[Opening Given records section]
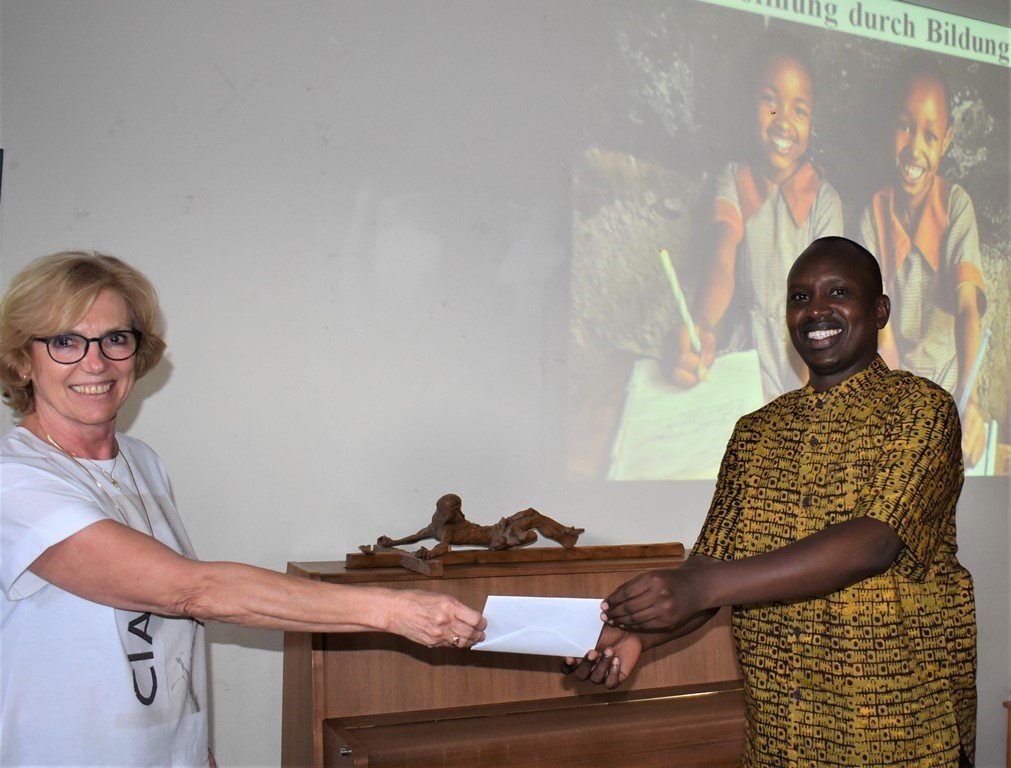 Frauenbund-Vorsitzende Doris Schreglmann überreichte einen Scheck in Höhe von 1.000 Euro an Dr. Gilbert Mburu Kabiru. Bild: Renate Gradl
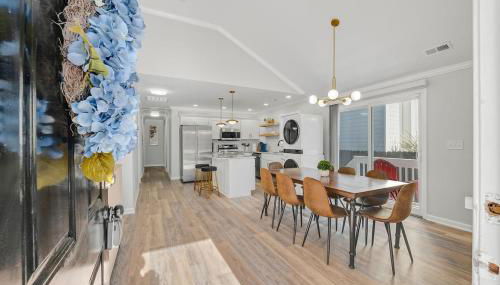 Renovated bungalow in DT Raleigh w firepit & king bed - Foto 3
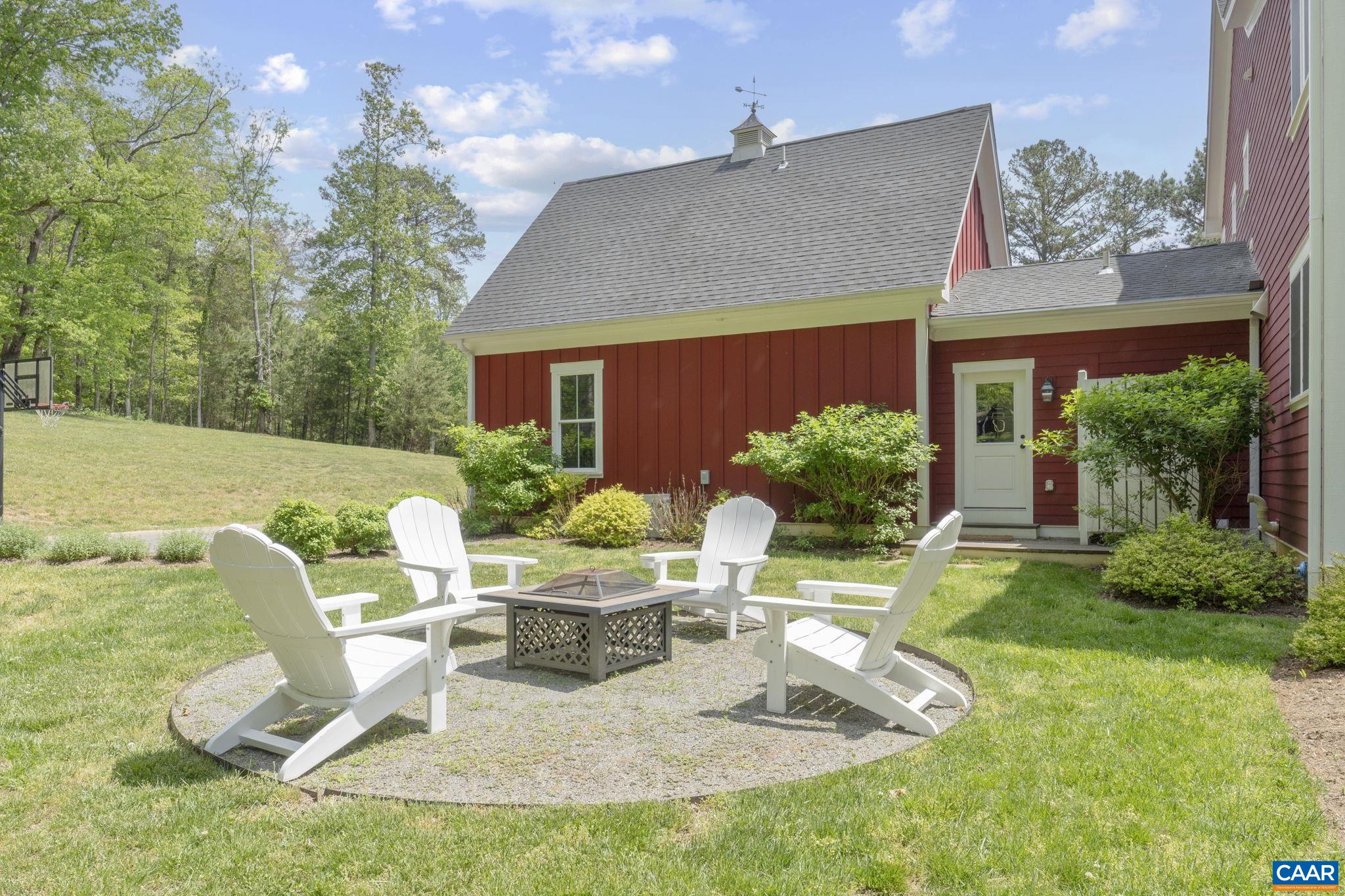 1932 FOX RUN LN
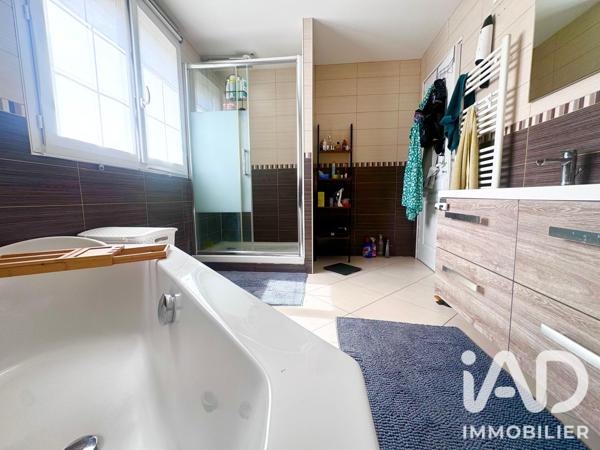 Maison à vendre 8 pièces 130 m² Paray-Vieille-Poste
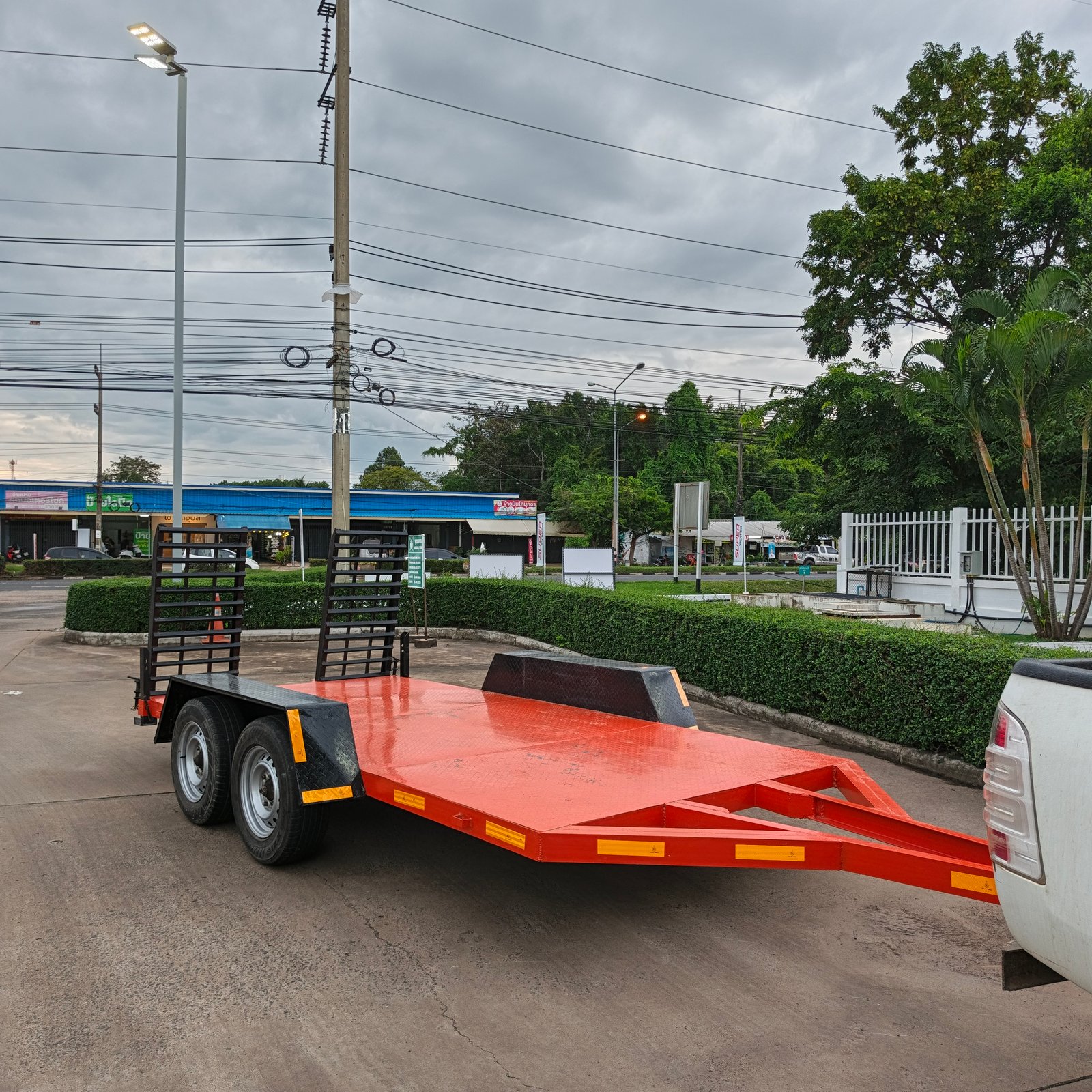 รถลากพ่วงขนย้ายรถเกี่ยวข้าวdc6870ขนย้ายรถแบล็คโฮตัน3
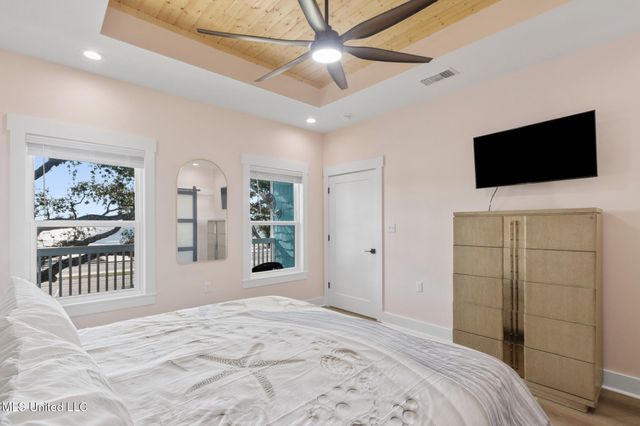 1002 E Beach Boulevard, Long Beach, MS 39560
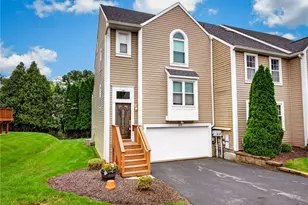 2659 Hunters Pointe Dr, Pittsburgh, PA 15090 - Photo 3
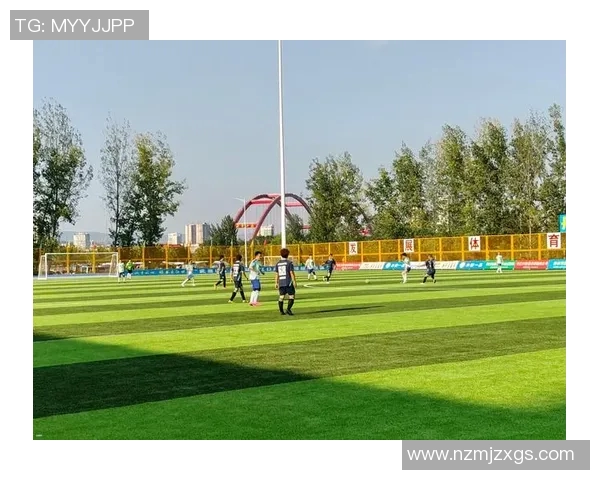 以运动水杯为纽带探索足球球星的激情与健康生活方式 以运动水杯为纽带探索足球球星的激情与健康生活方式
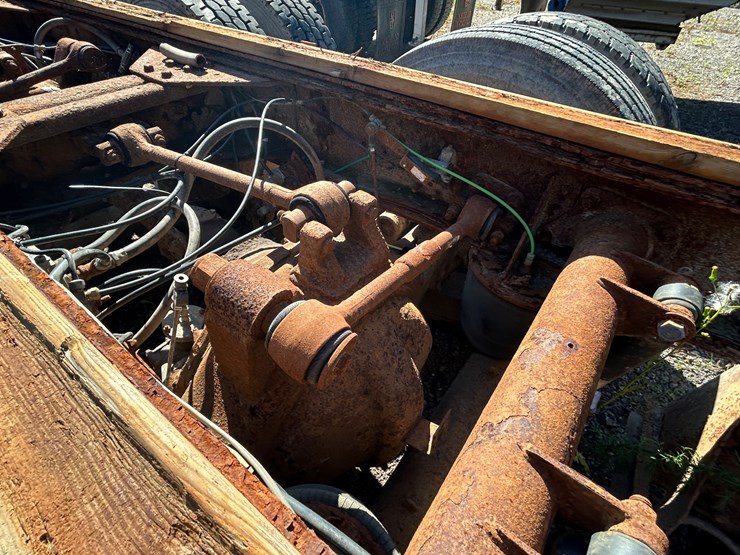 #4598-•-1993-western-star-quad-axle-truck-image-14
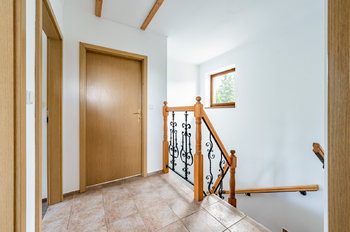 Prodej domu 154 m², Pětihosty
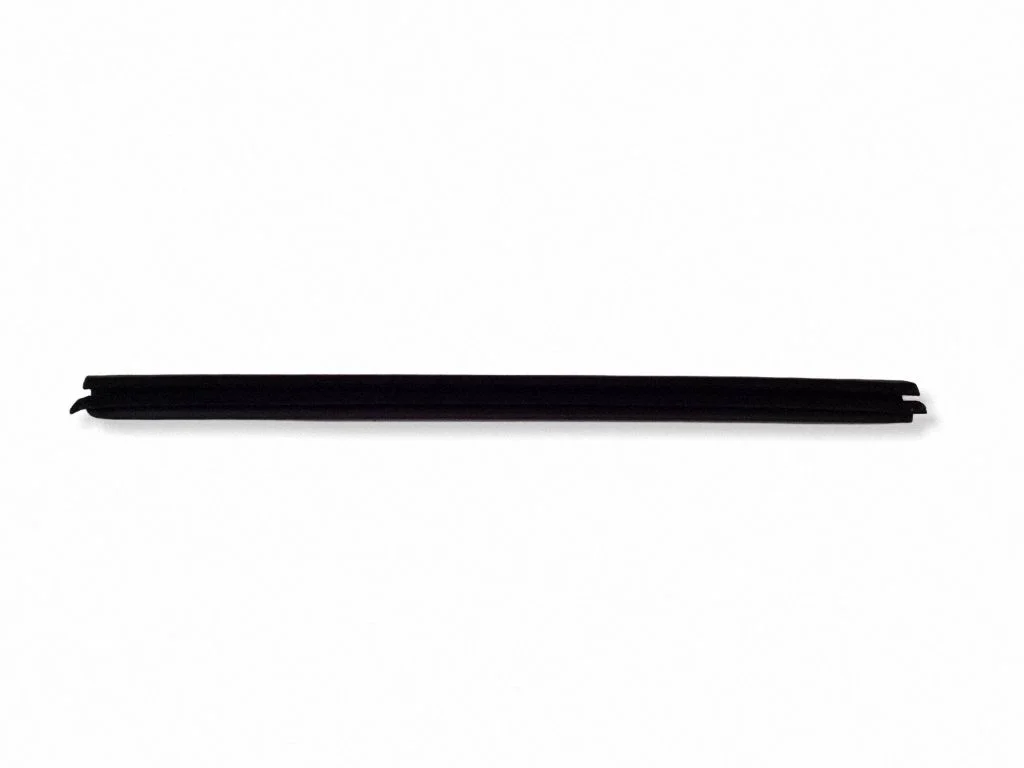 Rear door glass trim molding 51727240844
[Closing Given records section]
## Exercise
Leave out the pictures and set down all of the data exactly.

## Response to the exercise
 Frauenbund-Vorsitzende Doris Schreglmann überreichte einen Scheck in Höhe von 1.000 Euro an Dr. Gilbert Mburu Kabiru. Bild: Renate Gradl
 Renovated bungalow in DT Raleigh w firepit & king bed - Foto 3
 1932 FOX RUN LN
 Maison à vendre 8 pièces 130 m² Paray-Vieille-Poste
 รถลากพ่วงขนย้ายรถเกี่ยวข้าวdc6870ขนย้ายรถแบล็คโฮตัน3
 1002 E Beach Boulevard, Long Beach, MS 39560
 2659 Hunters Pointe Dr, Pittsburgh, PA 15090 - Photo 3
 以运动水杯为纽带探索足球球星的激情与健康生活方式 以运动水杯为纽带探索足球球星的激情与健康生活方式
 #4598-•-1993-western-star-quad-axle-truck-image-14
 Prodej domu 154 m², Pětihosty
 Rear door glass trim molding 51727240844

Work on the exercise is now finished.